Female Gender Predicts Augmented Immune Infiltration in Lung Adenocarcinoma

Carmen Behrens, Pedro Rocha, Edwin R. Parra, Lei Feng, Jaime Rodriguez-Canales, Luisa M. Solis, Barbara Mino, Jianjun Zhang, Don L. Gibbons, Boris Sepesi, David Rice, John V. Heymach, Cesar Moran, Chad J. Creighton, J. Jack Lee, Humam Kadara, Ignacio I. Wistuba

Research output: Contribution to journalArticlepeer-review

8 Scopus citations

Abstract

Introduction: Immune infiltration in lung adenocarcinomas (LUADs) has been associated with response to immune checkpoint inhibitors. Clinical features underlying differential responses of patients with LUADs to immunotherapy are not well understood. Here, we analyzed the association between LUAD immune infiltration and clinicopathologic variables.
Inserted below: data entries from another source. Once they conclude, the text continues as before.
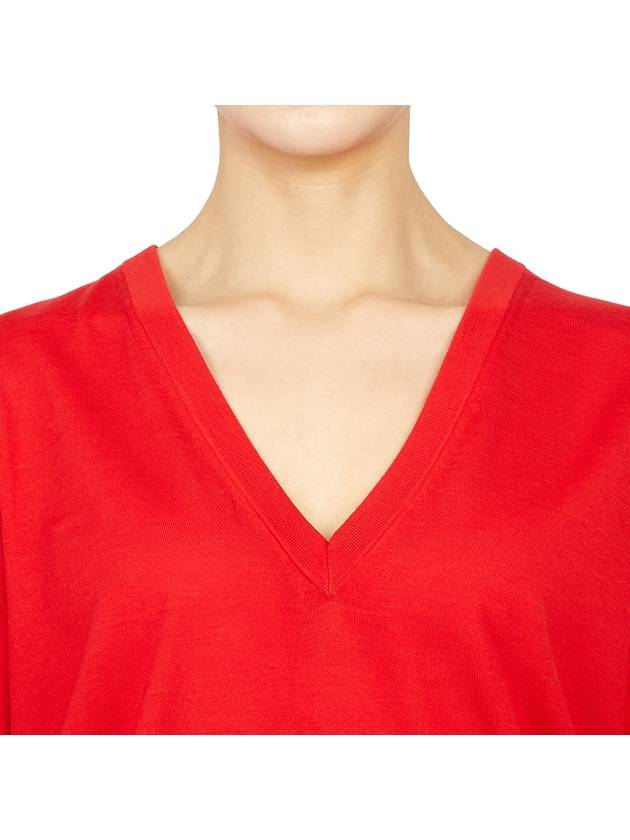 Women's Horsebit Knit Top Red - GUCCI - BALAAN 7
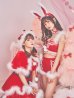 画像10: 【即日発送】ポンチョ付き2段フレアサンタ【sugar nine サンタコス 6点セット】【S-XLサイズ/1カラー】[YMT]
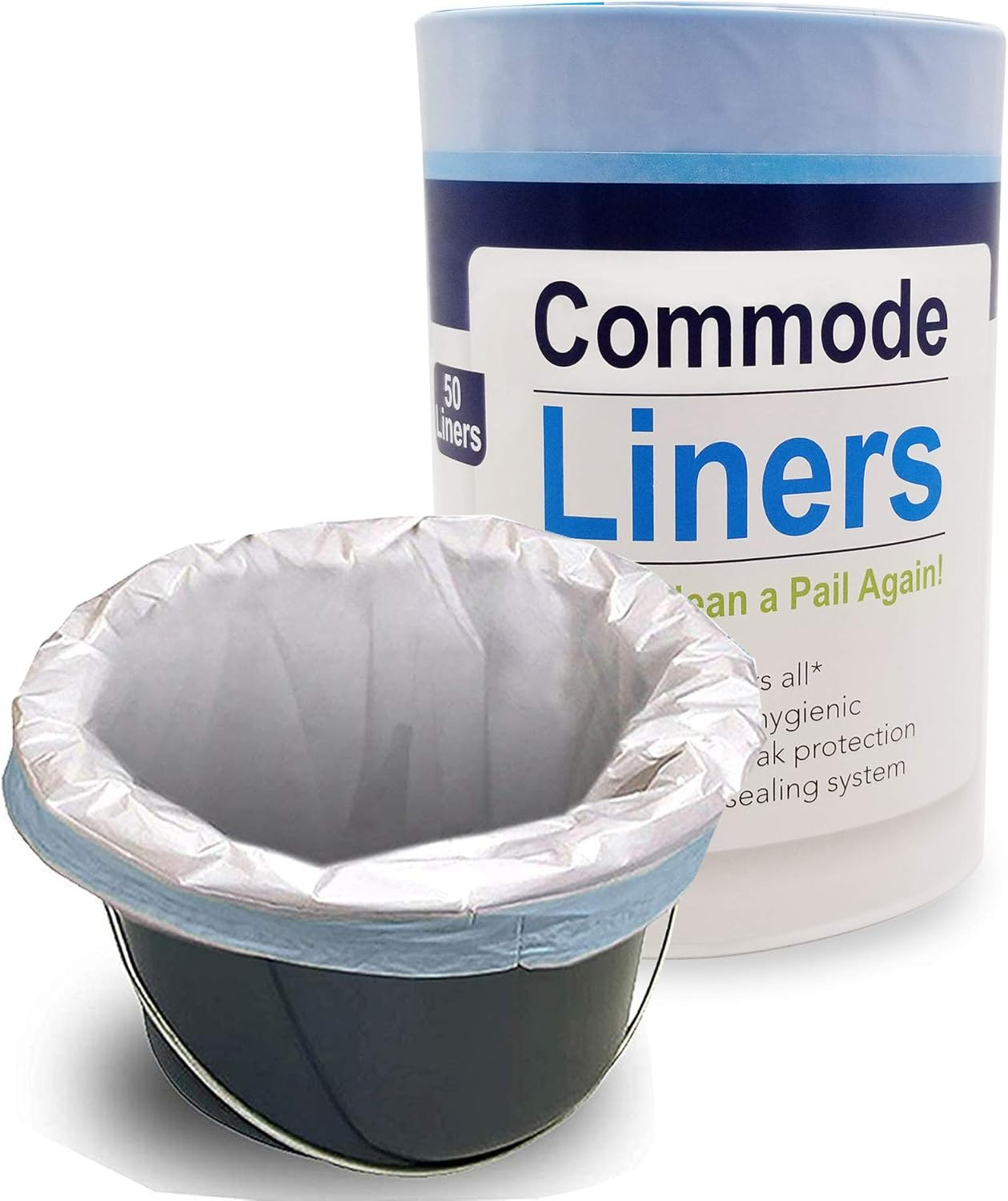 Commode Liners – Pack of 50 Disposable Commode Liners – Fits All Standard Bedsid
Materials and Methods: Intratumoral CD3, CD8, and CD68 cell densities (tumor-associated immune cells [TAICs]) were immunohistochemically assessed in 146 surgically resected LUADs. LUADs were classified into 2 groups, low and high TAICs, based on the median values of cell densities for CD3, CD8, and CD68. Somatic mutation burden and driver gene mutation status were analyzed in a subset of the cases (n = 92). We statistically analyzed the association between the TAIC groups and various clinicopathologic and molecular variables by using the χ2/Fisher and Wilcoxon sum tests and multivariable logistic regression models. Results: Patient gender, tumor size, and STK11 mutations were significantly associated with TAIC levels in LUAD. Female patients exhibited significantly elevated TAIC levels (P = .005) compared with male patients. Tumor size was inversely associated with TAIC levels (P = .012). STK11 mutated tumors were associated with lower TAICs (P = .008). Higher TAICs were consistently observed in female patients with LUADs after adjusting for stage, tumor size, and age. Multivariable regression models confirmed female gender as an independent variable associated with TAIC levels in LUAD (P = .0141). Conclusion: Immune infiltration in LUADs was significantly higher in female patients, warranting further exploration into the association between this clinical variable and immunotherapeutic response in LUAD.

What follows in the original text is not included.